# Test 28: Tukey test for multiple comparison of K population means (unequal sample sizes)

## Objective

- You have $K$ populations
- You want to know if any of the population means are significantly different from another

## Assumptions

- Each of the $K$ populations are normally distributed
- Each of the $K$ populations have the same variance

## Method

- You have $K$ populations, each of sizes $n_1, n_2, ... n_k$

- For each of $K$ populations, compute sample means $\bar{x_i}$

- For each of $K$ populations, compute variance $s_j^2$ using
$$\begin{aligned}
    s_j^2 &= \frac{\sum_{i=1}^{n_j} (x_{ij} - \bar{x_{.j}})}{n_j - 1}
\end{aligned}$$

- Then, compute the overall variance of the samples by taking
$$\begin{aligned}
    s^2 &= \frac{\sum_{j=1}^{K} (n_j - 1) \cdot s_j^2}{N - K}
\end{aligned}$$

- The critical value here follows a Studentized range, and degrees of freedom $v$ is
$$\begin{aligned}
    v &= (\sum_{j=1}^{K} n_j) - K
\end{aligned}$$

- As such, find a value $q$ from the Studentized range distribution with $v$ degrees of freedom for the degree of confidence $\alpha$ (Table 9)
    - e.g. For $\alpha = 0.05$, $q = 5.29$

- Finally, compute 
$$\begin{aligned}
    W &= \frac{q \cdot s}{\sqrt{\eta}} \\ \\

    \eta &= \frac{K}{(\frac{1}{n_1} + \frac{1}{n_2} + ... \frac{1}{n_k})}
\end{aligned}$$

- If the largest difference between the 2 sample means $\bar{x_i} - \bar{x_j} < W$, then the population means do not differ significantly 

## What distribution does $W$ follow?

In [1]:
import numpy as np
import scipy
import matplotlib.pyplot as plt
import seaborn as sns

In [60]:
K = 4
# MEAN = [5] * K
MEAN = [5,5,5,5]
SIGMA = [2] * K
SAMPLE_SIZE = np.random.randint(1000,1050,4)
CRITICAL_VALUE_5PCT = scipy.stats.studentized_range.ppf(k=K, df=np.sum(SAMPLE_SIZE)-K, q=0.95)

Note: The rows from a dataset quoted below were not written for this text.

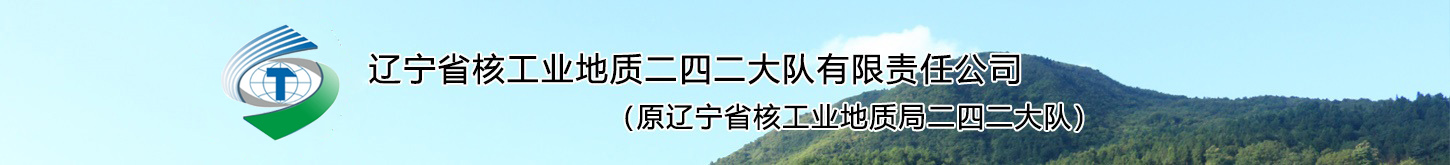 辽宁省核工业地质局二四二大队有限责任公司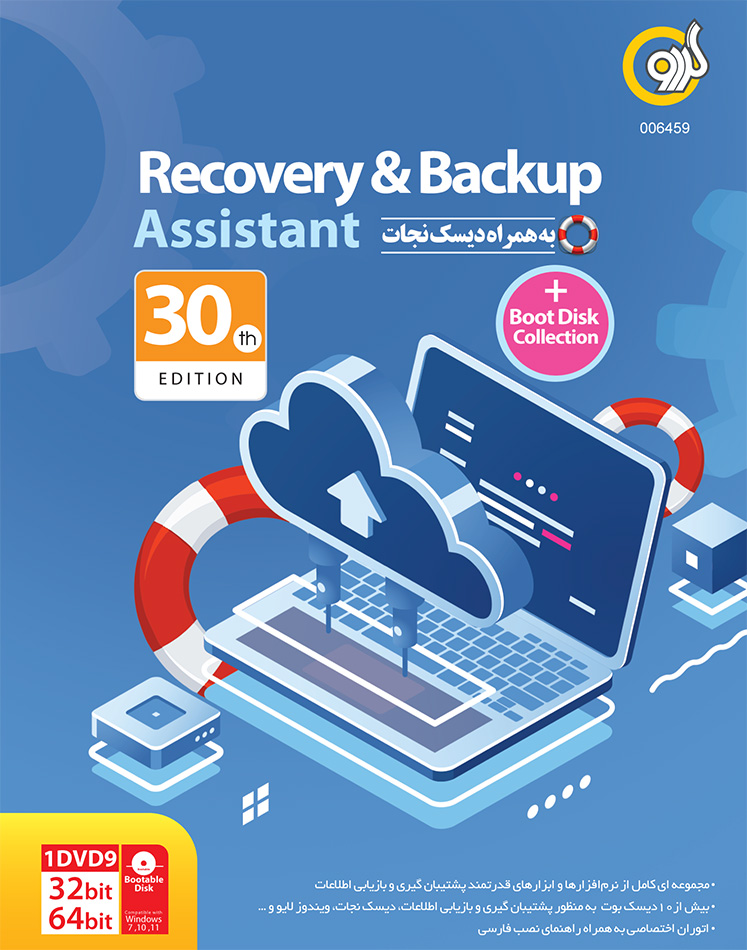 Recovery & Backup + BootDisk Collection Assistant 30th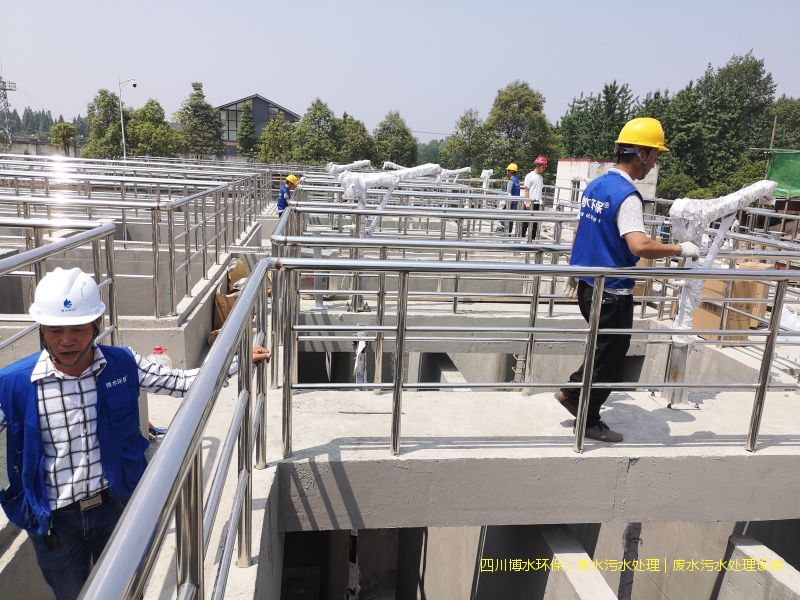 昌都凈化污水處理設(shè)備廠家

def get_max_diff_exceed_test_statistic_check():
    samples = [np.random.normal(x,y,z) for x,y,z in zip(MEAN, SIGMA, SAMPLE_SIZE)]
    sample_means = [np.mean(x) for x in samples]
    sample_variance = [np.var(x, ddof=1) for x in samples]
    overall_variance = np.sum([(n-1)*s_sq for n, s_sq in zip(SAMPLE_SIZE, sample_variance)]) / (np.sum(SAMPLE_SIZE) - K)

    eta = K / np.sum([1/size for size in SAMPLE_SIZE])
    
    test_statistic = (CRITICAL_VALUE_5PCT * overall_variance**0.5) / eta**0.5
    max_diff = max(sample_means) - min(sample_means)

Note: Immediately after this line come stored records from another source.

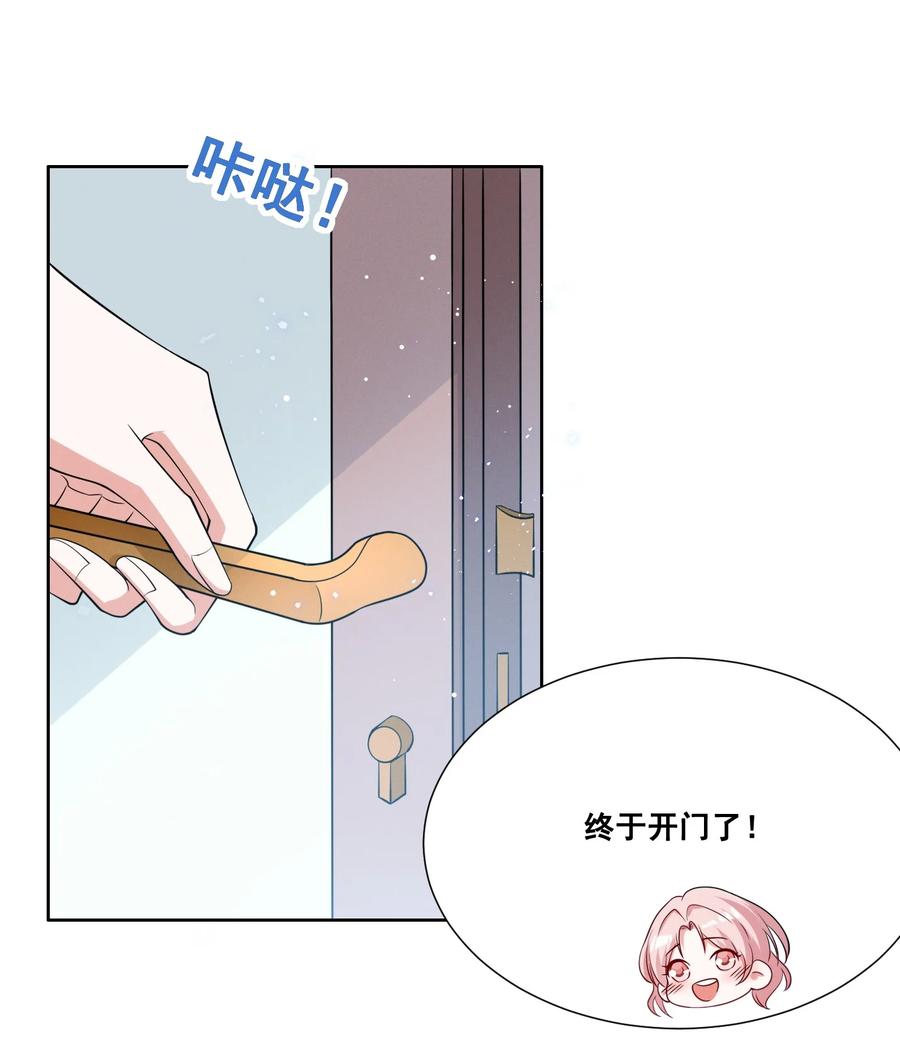 《宇宙第一醋神》054 被害惨了 第14页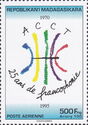 25 years Franchophonie Emblem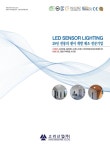 고려산업 전자 카달로그 by Lighting News - Issuu 고려산업 전자 카달로그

    return max_diff > test_statistic

In [63]:
## 5% exceeds when means are all equal, as we expected by taking 5pct critical value

proportion_exceeds_test_statistic_when_all_means_equal = np.mean([get_max_diff_exceed_test_statistic_check() for _ in range(3_000)])
proportion_exceeds_test_statistic_when_all_means_equal

0.049666666666666665